▶ **BRIEF**
For this exercise, copy exactly the lines below from the one with "Travel, camping and" through the one with "a small living" and leave out the pictures.

▶ **MATERIAL TO PROCESS**
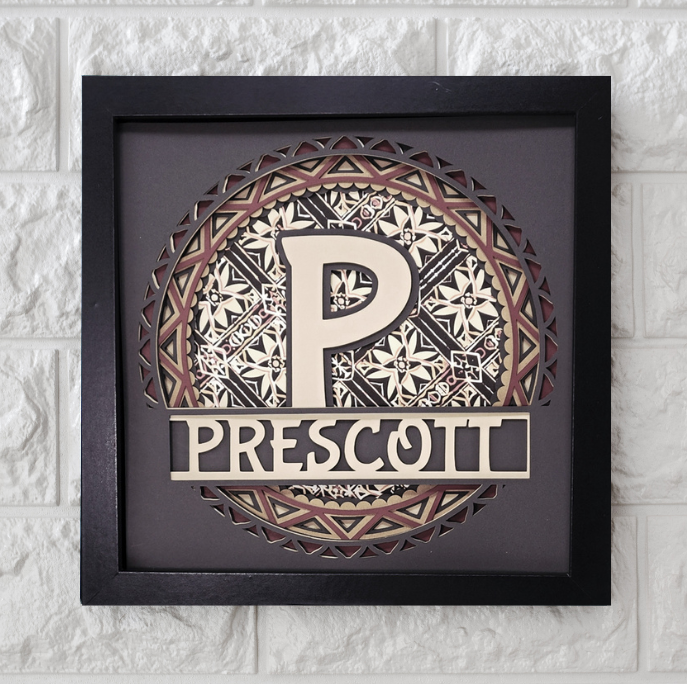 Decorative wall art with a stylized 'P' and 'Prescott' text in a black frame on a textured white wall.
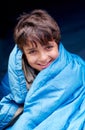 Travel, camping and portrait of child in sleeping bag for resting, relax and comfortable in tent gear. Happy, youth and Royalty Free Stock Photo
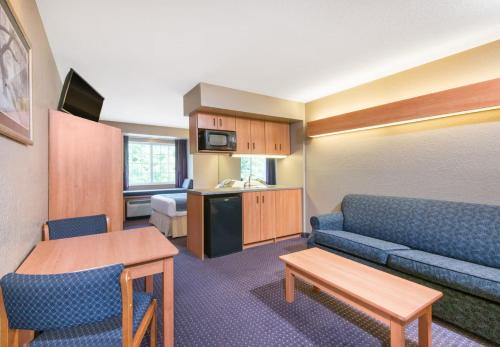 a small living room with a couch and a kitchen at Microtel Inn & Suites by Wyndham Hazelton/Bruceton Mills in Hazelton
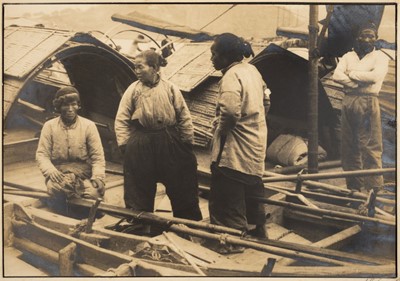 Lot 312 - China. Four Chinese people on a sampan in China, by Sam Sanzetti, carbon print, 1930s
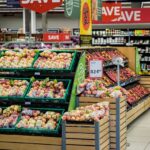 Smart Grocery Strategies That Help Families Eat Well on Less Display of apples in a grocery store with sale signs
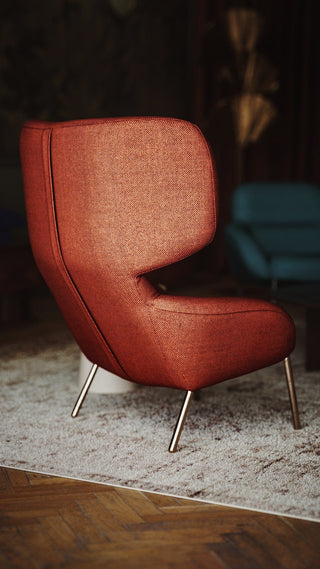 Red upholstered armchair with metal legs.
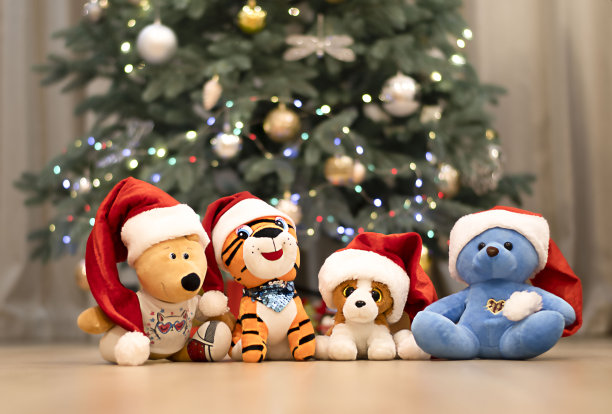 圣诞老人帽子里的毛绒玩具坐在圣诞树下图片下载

▶ **OUTPUT**
 Travel, camping and portrait of child in sleeping bag for resting, relax and comfortable in tent gear. Happy, youth and Royalty Free Stock Photo
 a small living room with a couch and a kitchen at Microtel Inn & Suites by Wyndham Hazelton/Bruceton Mills in Hazelton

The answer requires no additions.